Security pros highlight challenges, opportunities of conflict in modern IT battlefield
From left: Retired Lt. Gen. Brad Shwedo, former Joint Staff chief information officer; retired Brig. Gen. David Stilwell, former assistant Secretary of State; and Col. Miriam Krieger, political science department head at the U.S. Air Force Academy, take part in a panel hosted by the school’s Institute for Future Conflict and Center for Character and Leadership Development, with Cadet 1st Class Justin Yates (right) moderating, Sept. 17, 2021. (U.S. Air Force photo/Trevor Cokley)
Story by Ray Bowden, U.S. Air Force Academy Public Affairs
U.S. AIR FORCE ACADEMY, Colo. – Technology is a boon for U.S. defense but its exploitation by adversaries’ fans discontent, misinformation and security challenges, three national security experts told Air Force Academy cadets, Sept. 17.
Retired Brig. Gen. David Stilwell, former assistant Secretary of State, said misinformation undermines human dignity.
“Artificial intelligence allows adversaries to create narratives that are 100% false,” he said, “causing confusion and strife within the U.S.”
Col. Miriam Krieger, Academy political science department head; retired Lt. Gen. Brad Shwedo, former Joint Staff chief information officer; and Stilwell formed a panel hosted by the school’s Institute for Future Conflict and Center for Character and Leadership Development.
Krieger said the manipulation of technology by adversaries shifts the definition and manner of U.S. defense.
“Future conflicts are going to be everywhere at once,” she said. “How do we know we’re at war? It’s so fuzzy and so grey that you might not know you’re at war when it begins.”
Stilwell, also a former defense attache in Beijing, said technology continues to change the definition of “battle.”
“Warfare is all over you,” he said, with most unaware of the security risks rife in the tech-based tools they use “every minute of every day.
“Your cellphone is a great helper, but it’s also the biggest vulnerability we have,” Stilwell said. “Anyone with a laptop and [bad] intent is a combatant. Every time you log or punch in [to a cellphone] on your phone you are being surveilled.”
Shwedo directs the IFC and works with senior Air Force officials to support Defense Department needs.
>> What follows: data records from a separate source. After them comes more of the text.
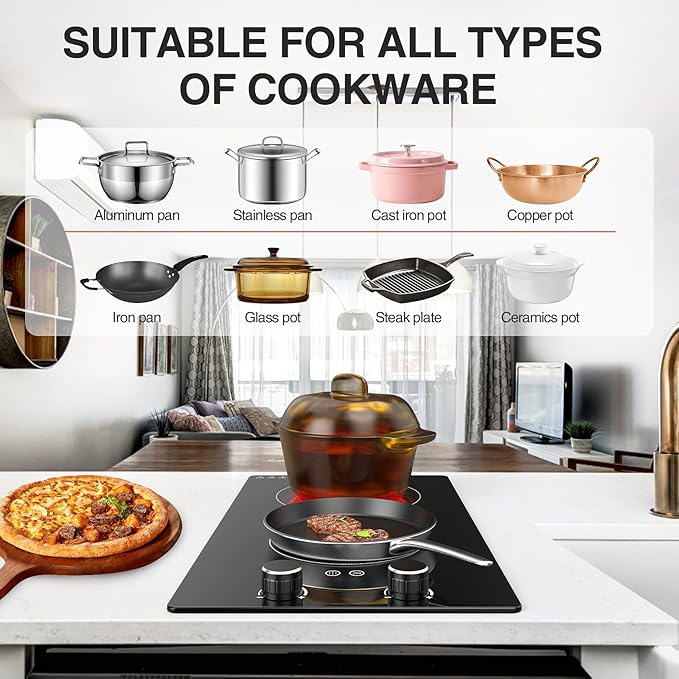 110v Electric Cooktop 2 Burners, 12'' Electric Stove Top with Plug in, Knob Control Countertop & Built-in Ceramic Cooktop, 9 Power Levels, Child Lock, Timer, Over-Heat Protection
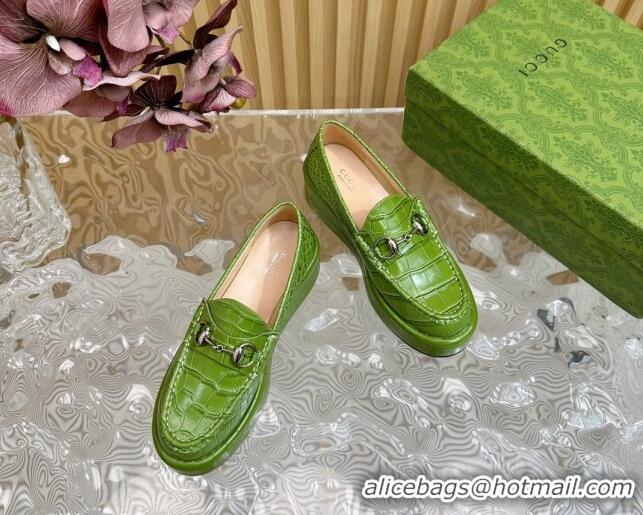 Best Price Gucci Horsebit Wedge Platform Loafers Pumps 5cm in Stone Embossed Leather Green 0814075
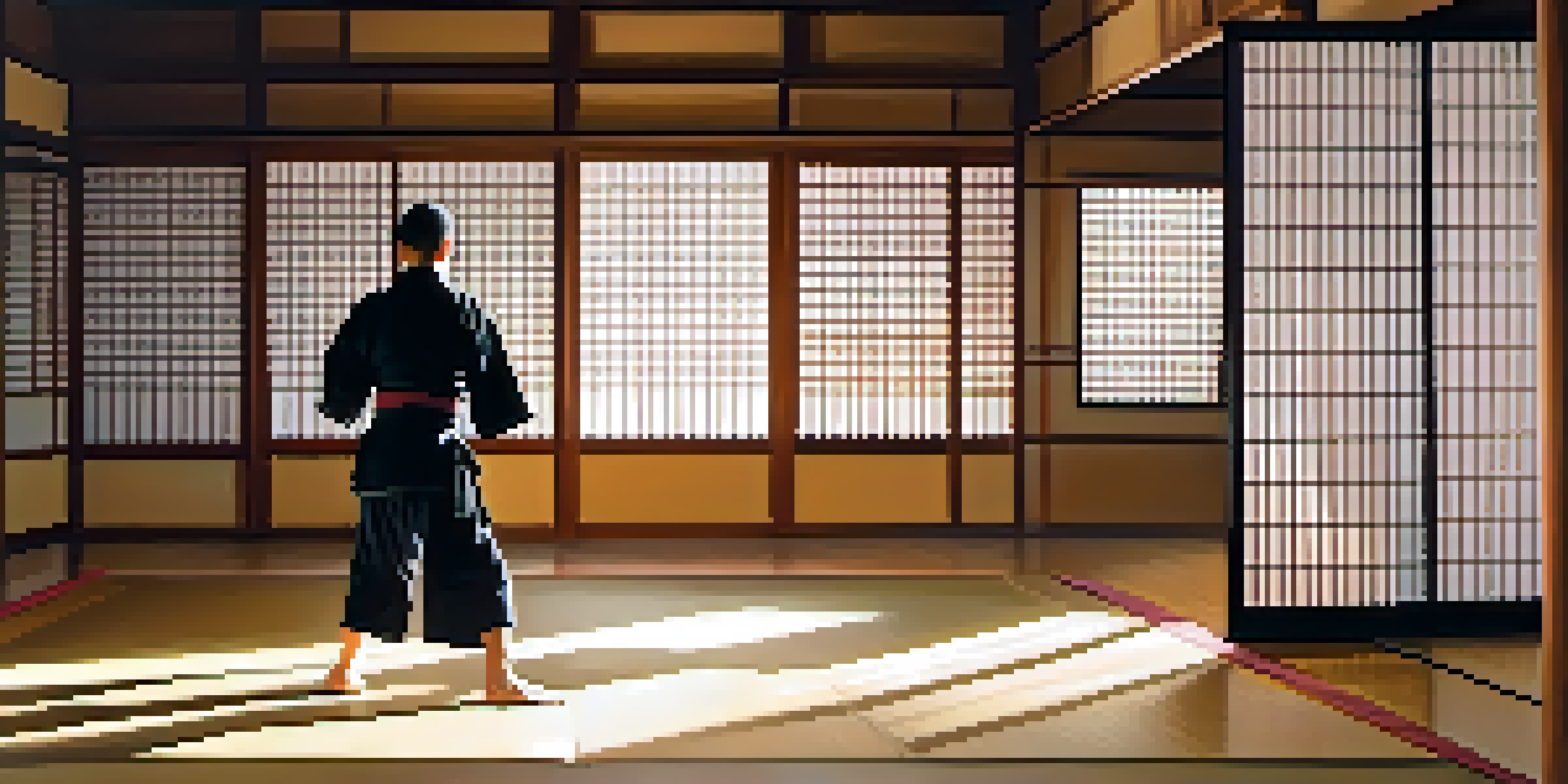 A martial artist practicing kata in a peaceful dojo with morning light filtering through shoji screens.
The talents and research of Academy cadets provides the Pentagon with ammunition against hacking, he said, “intellectual property theft and outright information spin conducted primarily by China and Russia.”
“Anytime you have a great challenge, there is great opportunity,” he said.
The IFC director said the fight against adversarial nations and state actors in the info realm is similar to Martial Arts.
“It’s like Jujitsu – We use their own force against them,” he said.
The panelists said the influence of Academy cadets on national security should not be underestimated and advised them to develop a “healthy distrust” of internet information.
Krieger, Stilwell and Shwedo agreed that regardless of the conflict, the U.S. must lead the way in abiding by laws and treating all inside and outside its borders with dignity and respect.
“How we treat other people is at the center of conflict,” Shwedo said.
The panel discussion coincides with next years’ National Center for Character and Leadership Symposiums’ theme of “Ethics and Respect for Human Dignity.”